Listen and visualize as your teacher reads the poem, "The 1st" by Lucille Clifton, aloud. Think about the mood and tone. 

Close Read the Poem

  • Students should reread and annotate using TPCASST organizer (If TPCASST has not been modeled, T may want to pull a small group or do direct instruction/think aloud with students) OR complete the following questions:

 

    • Who is the speaker? (a young child in a neighborhood) What is going on?  

    • Reread the title—why is it important (The 1st of the month is when people are evicted for not paying their rent.)   Is “Eviction” or “The 1st” a better title?  Elicit opinions based on the text.
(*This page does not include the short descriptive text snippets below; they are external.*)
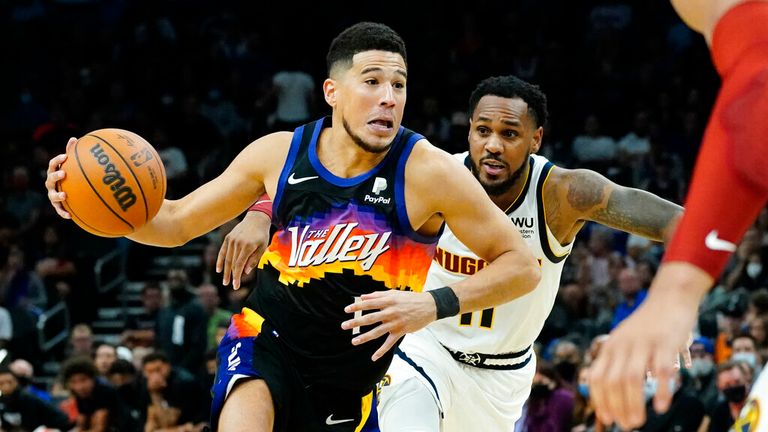 Phoenix Suns guard Devin Booker drives as Denver Nuggets guard Monte Morris, right, pursues during the second half of an NBA basketball game, Wednesday, Oct. 20, 2021, in Phoenix. (AP Photo/Matt York)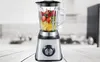 A blender filled with fruit sits on a wooden table in a kitchen setting. Produktbild-Vorschau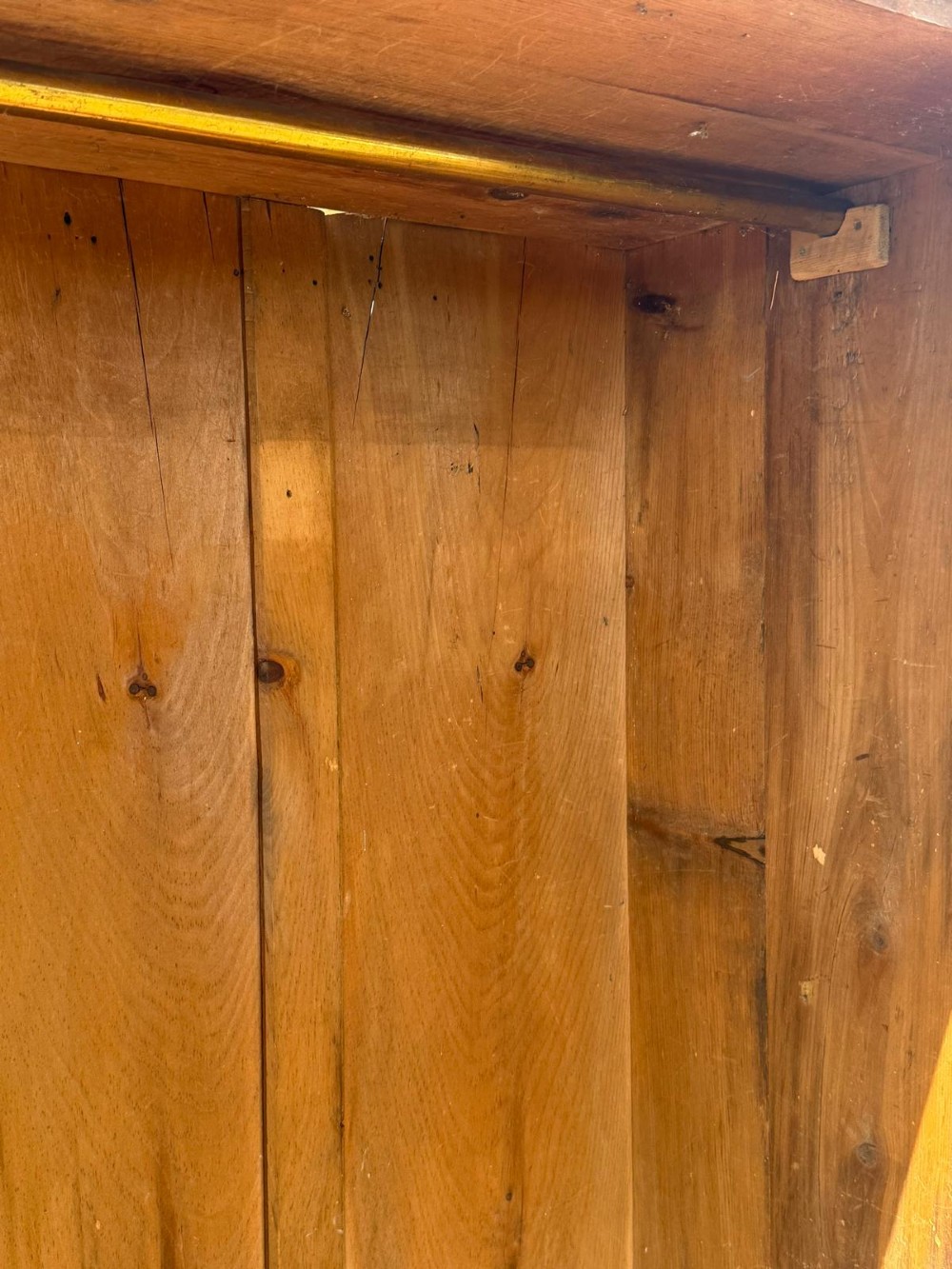 A tall Victorian pine cupboard featuring a single panelled door and bottom drawer finished in distressed black paint with a pediment top. View VII
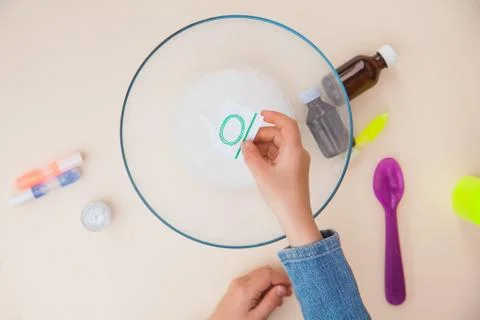 Making slime, step by step instruction, step three, adding food dye. Fotos Stock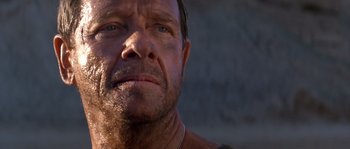 Movie still from “Rambo III” (1988), directed by Peter MacDonald – A man's face in the sunlight; Close Up shot, Low angle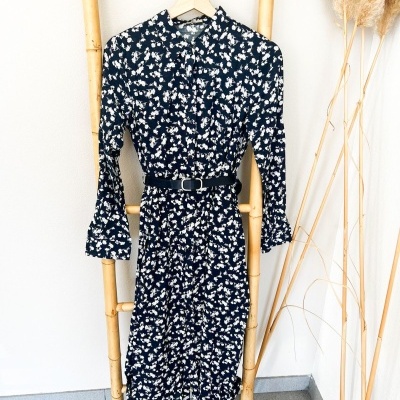 Vestido azul escuro com flores brancas pendurado numa escada de bambu.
    • What conflict is presented between the first stanza and the last stanza?  How does the mood change? What does the situation appear to be in the first stanza?  

    • Students should find text based evidence to support their answers.

    • Summarize the story being told in the first stanza.  Who? What? When? Where? Why?

    • What do you notice about the punctuation?  The capitalization (check out the letter i…)?  What does this tell you about what the poet is trying to say?  

    • What is the effect of the repetition in the last two lines?  What has been emptied? What does the word “emptied” mean?

    • What has probably happened between the first stanza and the second?  What has changed about the speaker in the second stanza

Read the poem independently and annotate.

Annotation Choices:

1.  Use the attached TPCASTT organizer and fill in each box.

2.  Complete the following questions on a document or lined paper:

  • Who is the speaker? What is going on?  
  • Reread the title—why is it important   Is “Eviction” or “The 1st” a better title? 
  • What conflict is presented between the first stanza and the last stanza?  How does the mood change? What does the situation appear to be in the first stanza?  
  • Summarize the story being told in the first stanza.  Who? What? When? Where? Why?
  • What do you notice about the punctuation?  The capitalization (check out the letter i…)?  What does this tell you about what the poet is trying to say?  
  • What is the effect of the repetition in the last two lines?  What has been emptied? What does the word “emptied” mean?
  • What has probably happened between the first stanza and the second?  What has changed about the speaker in the second stanza?

Final Assessment

Written Assessment: 

How do Anna Quindlen and Lucille Clifton use language to convince the reader that their arguments have value?

Teacher discretion on rubric requirements. 

Independently (unless you are pulled into a small group with the teacher) answer the following question:

How do Anna Quindlen and Lucille Clifton use language to convince the reader that their arguments have value?

Things to consider:

  • author's word choices/phrases
  • author's message or theme
  • what was each author arguing for or against? What was the point of view or opinion?
  • what does it mean to be homeless?

Answer on a document or on lined paper.